Alternatively a list might serve as an organizing tool without
ultimately coming to a single decision but rather by ending each topic
with a document that summarized any area of agreement, and majority and
minority opinions on all areas of disagreement. It could also include
similar sections on tactics -- that is what tactics were universally
recommended, what tactics were supported by a majority, and what only by
various minorities of the group.

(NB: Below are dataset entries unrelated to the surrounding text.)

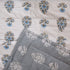 Close-up of Misty Blue Floral Pattern Comforter showcasing intricate floral motifs, quilted stitching, and premium cotton texture.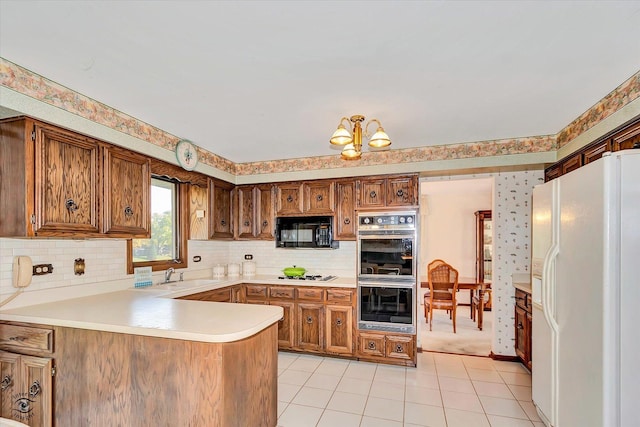 kitchen featuring light countertops, a sink, white appliances, a peninsula, and wallpapered walls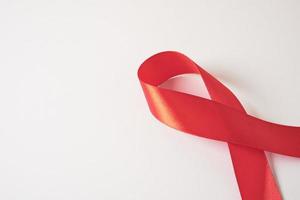 Red ribbon on a gray background, December 1 world AIDS day photo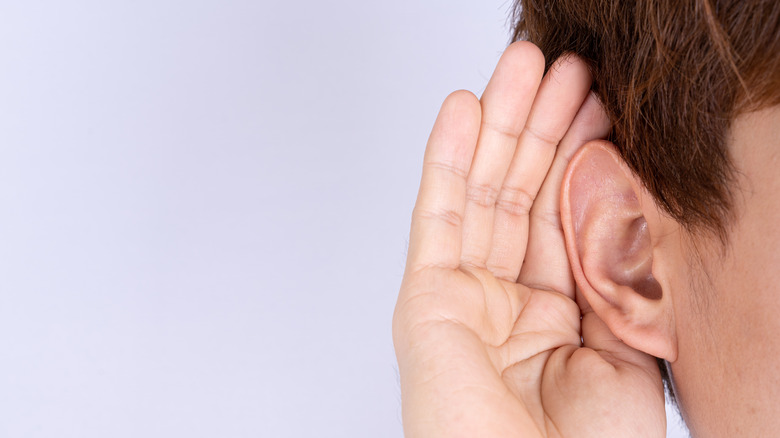 hand cupping ear to show hearing loss 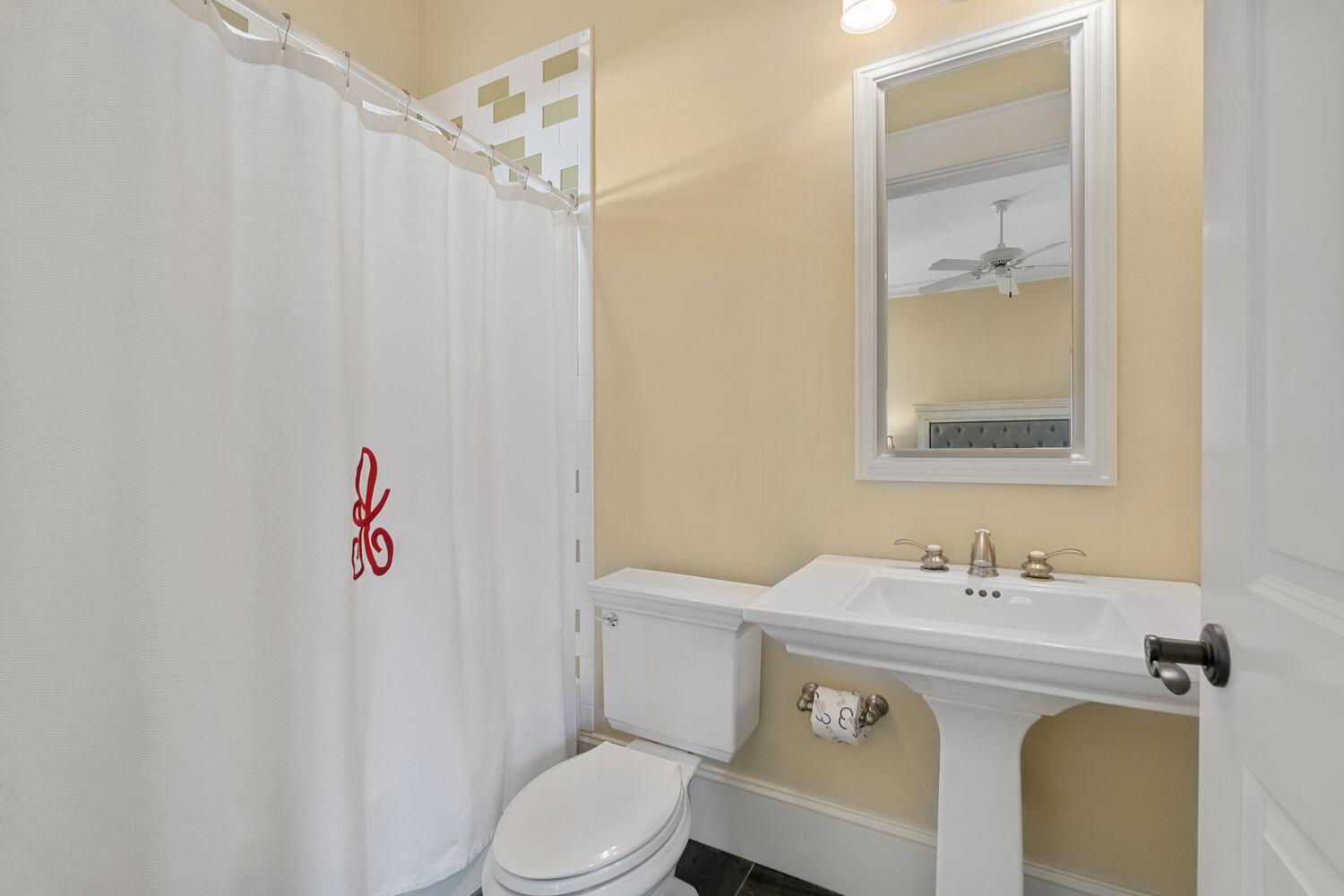 216 Sandtrap Road Miramar Beach, FL 32550 - Photo 43 of 66 a bathroom with a sink a toilet and shower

Even when on lists that made decisions
such a summary of view could prove useful.

Doyle
The ability to form social organization is deeply related to the ability of
individual workers to connect socially with other workers (having developed
social skills appropriate to electronic digital communications) through
simple conversation.

Gar,
No need
for fancy technology to accommodate it to a variety of goals.

Doyle
Yes there is a need for fancy technology at least in a business sense.
Japan has rapidly asserted wireless internet access for their people.  Their
imode systems broadly are putting their people at a higher level of
knowledge production than is the U.S. at this time.  In turn this wireless
technology is more suitable to countries who have no potential broad band
wired infrastructure unlike the U.S.  High bandwidth devices that are
handheld or wearable (and relatively cheap compared to desktop computers)
which require no literacy would put many peoples on a much more equal
footing to typical U.S. workers with regard to knowledge production (in the
sense of conversation).

Gar,
BTW, without commenting on any specific personalities, optimistic, warm,
friendly, open people with a good sense of humor, and a low level of
condescendsion and hostility make the best moderators..

Doyle
I don't agree with this.  I enjoy nice people, but your point lacks a sense
of what exactly it is that someone moderating contributes to a conversation
list when they work in the above manner.  Moderators imply a restricted size
to the list, that is roughly how much volume they can read and react to in a
day.  This does not jibe with the obvious increase that are coming with
bandwidth and wireless technology impact on lists.  One has to ask, how much
can one person do, and how groups of people can work together to have large
volumes lists.  How can automation help as e-lists increase beyond the scope
of a single manager or small group.  I hope one does not envision e-lists
remaining tiny groupings.

It is not wrong to want to feel happy with the character and quality of the
conversations on lists and how they are managed.   It is important though to
understand what conversation might lead to as bandwidth and connectivity
changes in the next period of time happen.  We can see in corporate work,
that the next step for e-list organization may well be about wireless, broad
band systems.  Wireless because this allows people outside the U.S. the same
sorts of access as in developed countries.  Broad band because that allows
actual increase in quantity and quality of the conversation.  These will
appear in business as necessary forms of business needs concerning knowledge
capital, and for us shaping the workers experience of knowledge production.